Cesar Hidalgo - Why Information Grows and the importance of Economic Complexity
Danny Dorey-Rodriguez has written this superb reflection on the work of Professor Cesar Hidalgo from MIT who has contributed greatly to our understanding of how crystallised information and networks can help explain variations in economic growth and inequality.
César Hidalgo is a physicist, author and entrepreneur who is Associate Professor at MIT and director of the MIT Media Lab. Hidalgo attempts to use statistical techniques adopted in physics to conduct research into complexity economics, clearly showing the value of an inter-disciplinary approach to economics.
Why information matters to growth and development
Key to the theories of Hidalgo is the idea of information, which he explains in his book “Why Information Grows.” Hidalgo postulates that information is simply an arrangement of order, or a lack of entropy. In the physical world, order often gives way to disorder. This is the second law of thermo-dynamics. However, importantly, solids can with-hold information, and order emerges from out-of-equilibrium states. What makes us as a society unique is that humans can accumulate knowledge and “crystallise imagination” into solid atoms. Furthermore, in an economy, we have the ability to share knowledge in the products that we engage with. The current world, with its adoption of technology, is one where information can flow more freely. In particular, wealthy countries continue to prosper as they are particularly good at creating a network in which information can flow more freely.
From these theories of information Hidalgo argues that the economy could be best represented not as a static system of equilibria, but as a dynamic network where new information is constantly being shared. Hence, it is important to think about the complexity that emerges in an economy.
In Hidalgo and Hausmann’s paper “A Network View of Economic Development”, the two describe the economy as a network and focus on mapping out the tendency of an economy to diversify. Of course, countries are more likely to go on to develop expertise in an area which requires similar information to that which is currently required to make exported goods. This is intuitive and Hidalgo allows us to understand diversification visually. He calls this idea the Product Space, where two products are linked in a network based on the probability that they are co-exported. This can be used to look at best route to complexity for a given country.
Hidalgo is best known for his work linking complexity to economic growth. He argues that the complexity of a country's exports is linked to its level of income. In Hidalgo and Hausmann’s paper “the building blocks of economic complexity”, he indeed provides evidence that the two are empirically linked, and that the deviation between complexity and levels of income is a much better predictor of future economic growth than traditional measures of capital or the development of capital. This view of the economy, based on information and networks, is both refreshing and promising, potentially giving us a much more accurate picture of how the economy truly functions. These premises find their base in statistical physics and promises to be sensitive to movements that traditional economics cannot detect.

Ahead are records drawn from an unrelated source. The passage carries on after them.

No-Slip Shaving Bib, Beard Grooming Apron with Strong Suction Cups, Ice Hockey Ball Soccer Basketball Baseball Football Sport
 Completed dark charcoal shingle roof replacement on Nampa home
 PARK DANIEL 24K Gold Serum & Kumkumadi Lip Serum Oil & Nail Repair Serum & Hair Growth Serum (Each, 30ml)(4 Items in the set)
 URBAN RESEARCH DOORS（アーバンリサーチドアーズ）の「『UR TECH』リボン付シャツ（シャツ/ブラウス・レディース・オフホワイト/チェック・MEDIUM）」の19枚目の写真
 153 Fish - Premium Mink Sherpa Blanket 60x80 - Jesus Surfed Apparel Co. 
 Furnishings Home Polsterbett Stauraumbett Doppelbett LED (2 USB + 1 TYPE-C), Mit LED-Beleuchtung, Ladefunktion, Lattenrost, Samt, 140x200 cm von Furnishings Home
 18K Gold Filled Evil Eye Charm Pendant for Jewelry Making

Larry Hardesty from MIT writes about the consequences of Hidalgo’s work with respect to inequality. He reports that Hidalgo’s work concludes, empirically, that a lack of economic complexity leads to high economic inequality and vice-versa. Hidalgo’s data supports the idea that a lack of complexity coincides with few industries stimulating the economy. High complexity leads to a wealth of industries competing for workers and all generating wealth leading to greater equality.
The empirical arguments of Hidalgo, to me, are refreshing and inspiring. His view of macroeconomic phenomena and the economy in general, are very reasonable and mathematically verifiable. Indeed, mathematically, the indicators that he has created have outperformed traditional models that dominate economics. Complexity economics, and Hidalgo’s work, are extremely interesting to me since mainstream neoclassical economic theories are based upon seemingly outdated assumptions and mathematical models. Yet network economics, aided by the possibilities provided statistical techniques, can give economists a much clearer picture of how agents interact in an economy. A more scientific, empirical lens through which to analyse market movements provides us with an opportunity to revise theories in fields such as development economics, behavioural economics and political economy. Indeed, the work of Hidalgo brings economics closer to political economy and further away from static equilibrium models of traditional economics.
This, to me, is exciting. Complexity economics helps us to better understand the economy and to equip ourselves with the tools we need to analyse future challenges.